EXERCISE INSTRUCTIONS -
Give back the exact lines of the material below from the one containing "Our Dve Brig" through the one containing "Isola - Garibaldi", and no pictures.

SOURCE MATERIAL -
= = = = =
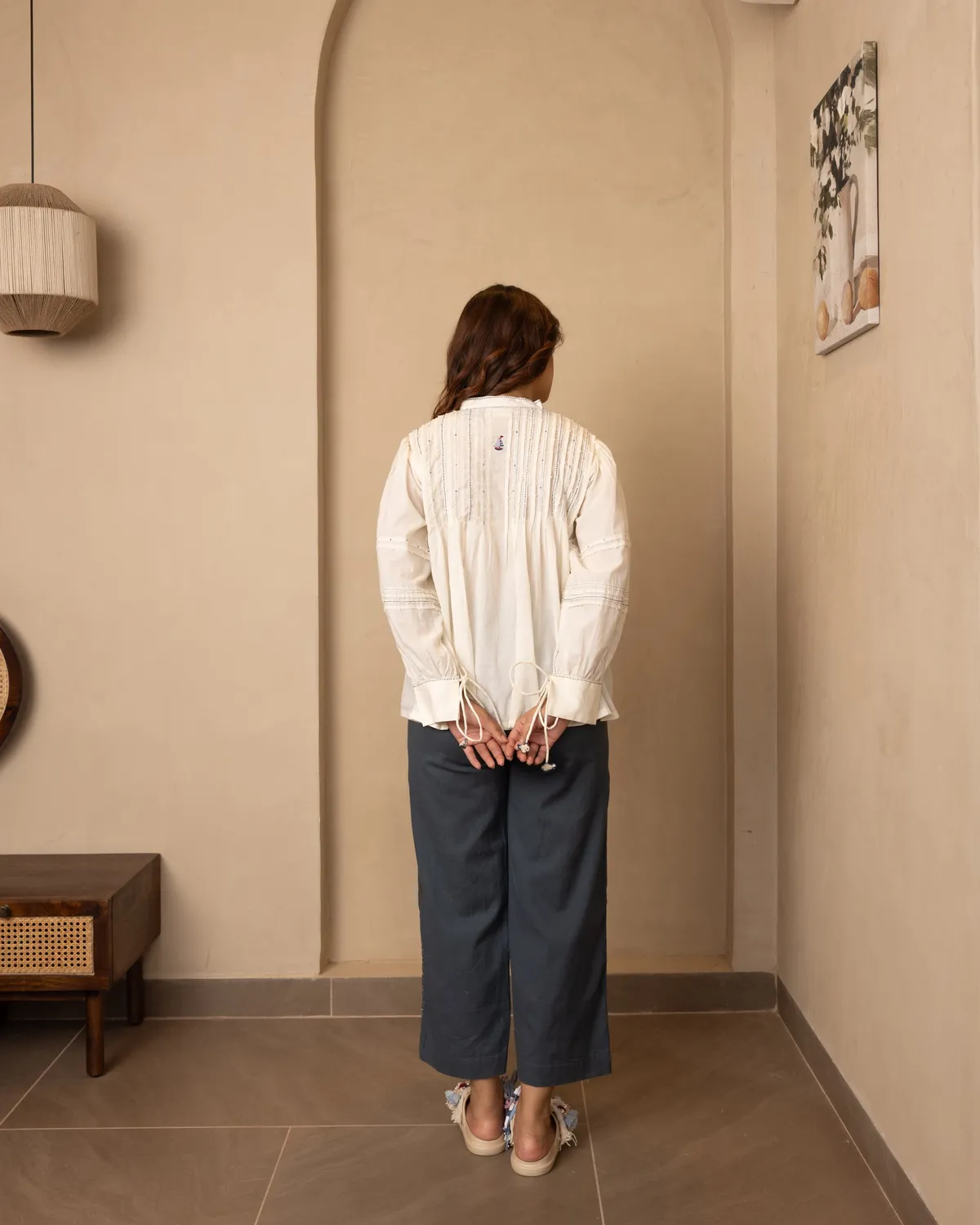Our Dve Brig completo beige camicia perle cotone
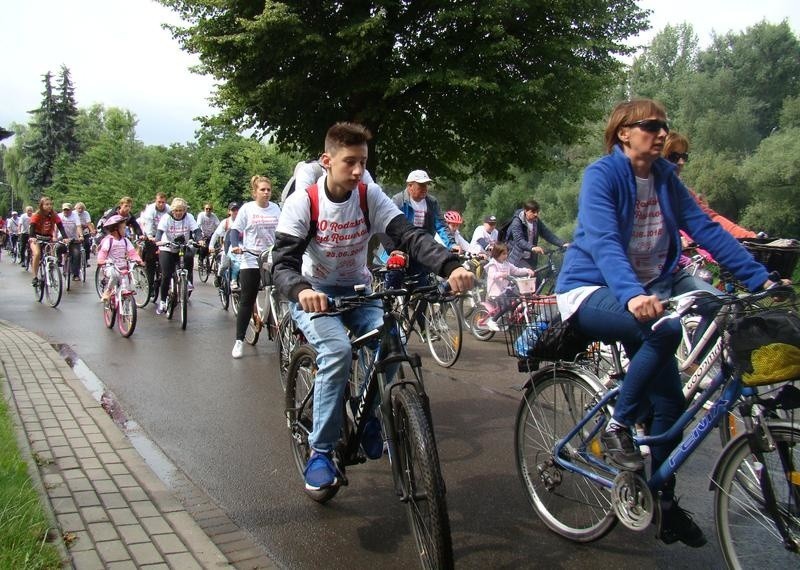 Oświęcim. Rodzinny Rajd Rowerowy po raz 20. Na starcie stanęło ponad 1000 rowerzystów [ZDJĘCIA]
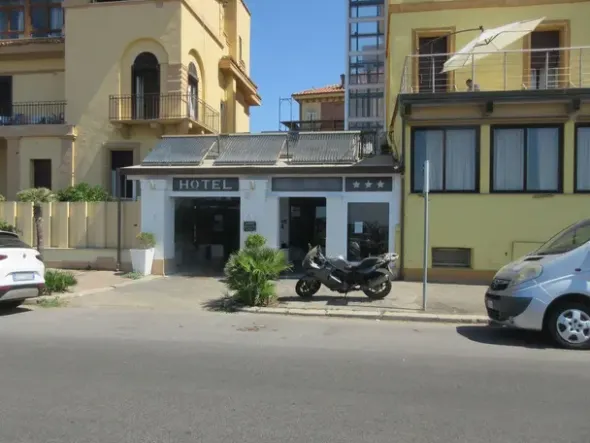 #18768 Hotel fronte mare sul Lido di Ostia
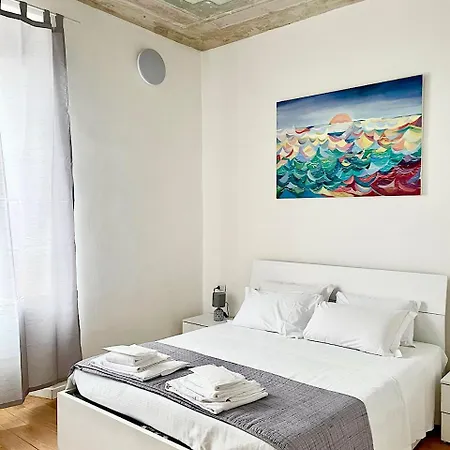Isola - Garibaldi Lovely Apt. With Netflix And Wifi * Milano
= = = = =
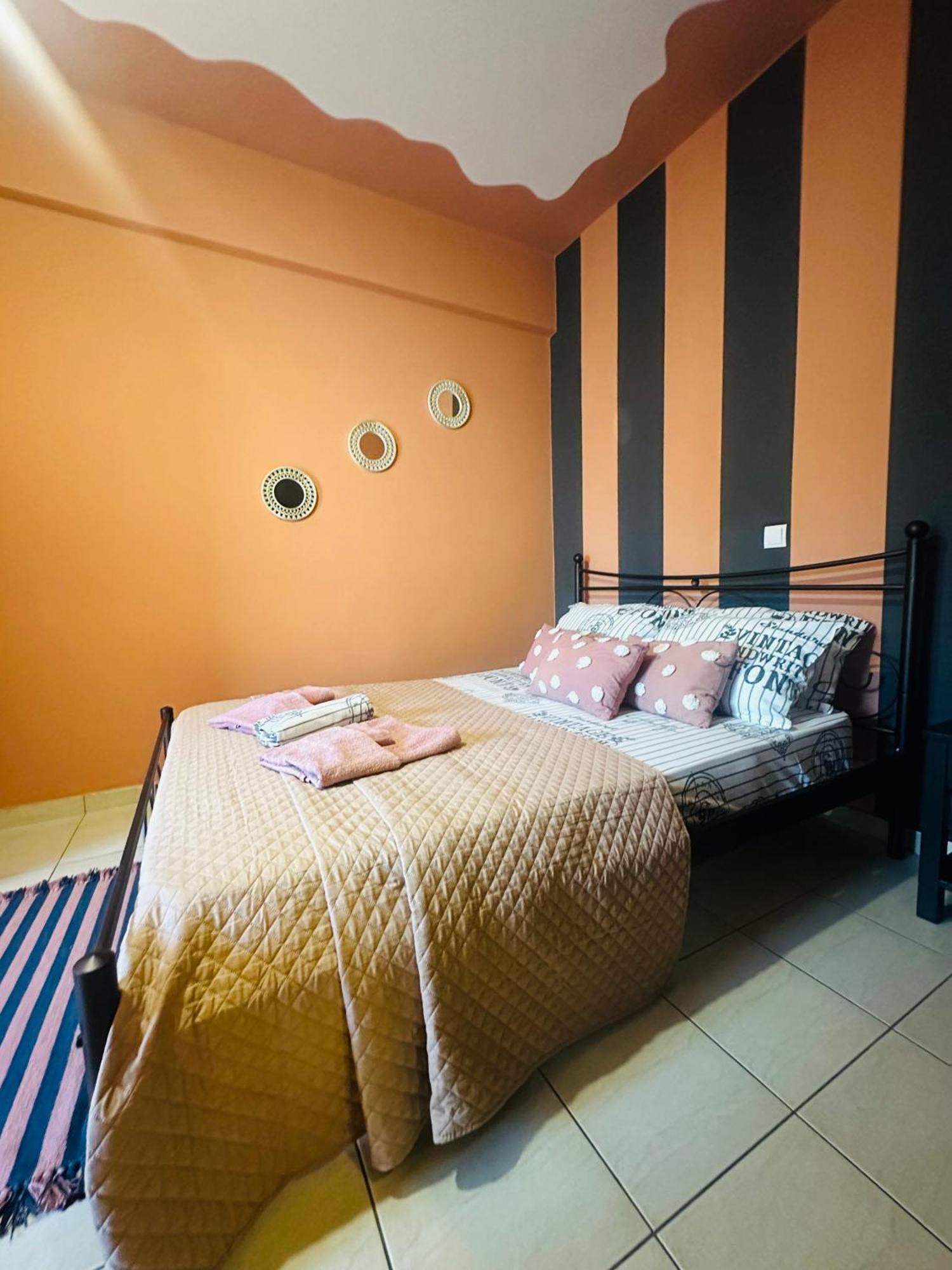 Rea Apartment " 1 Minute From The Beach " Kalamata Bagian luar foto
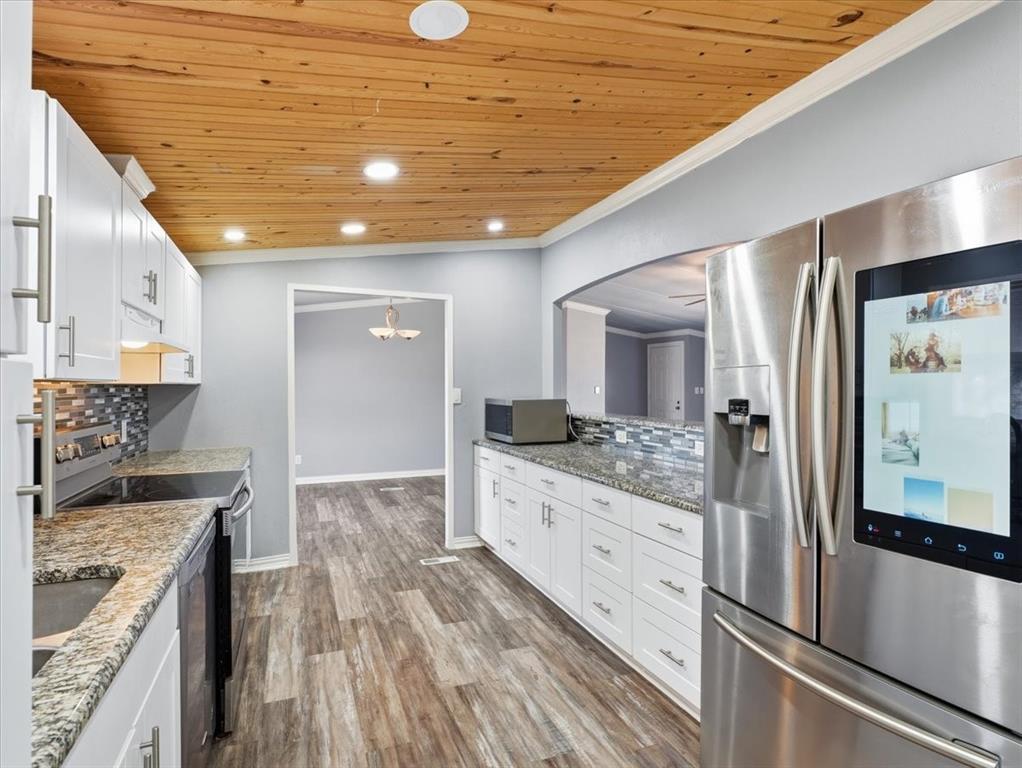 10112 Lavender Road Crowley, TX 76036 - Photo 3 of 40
= = = = =
TASK OUTPUT -
Our Dve Brig completo beige camicia perle cotone
 Oświęcim. Rodzinny Rajd Rowerowy po raz 20. Na starcie stanęło ponad 1000 rowerzystów [ZDJĘCIA]
 #18768 Hotel fronte mare sul Lido di Ostia
Isola - Garibaldi Lovely Apt. With Netflix And Wifi * Milano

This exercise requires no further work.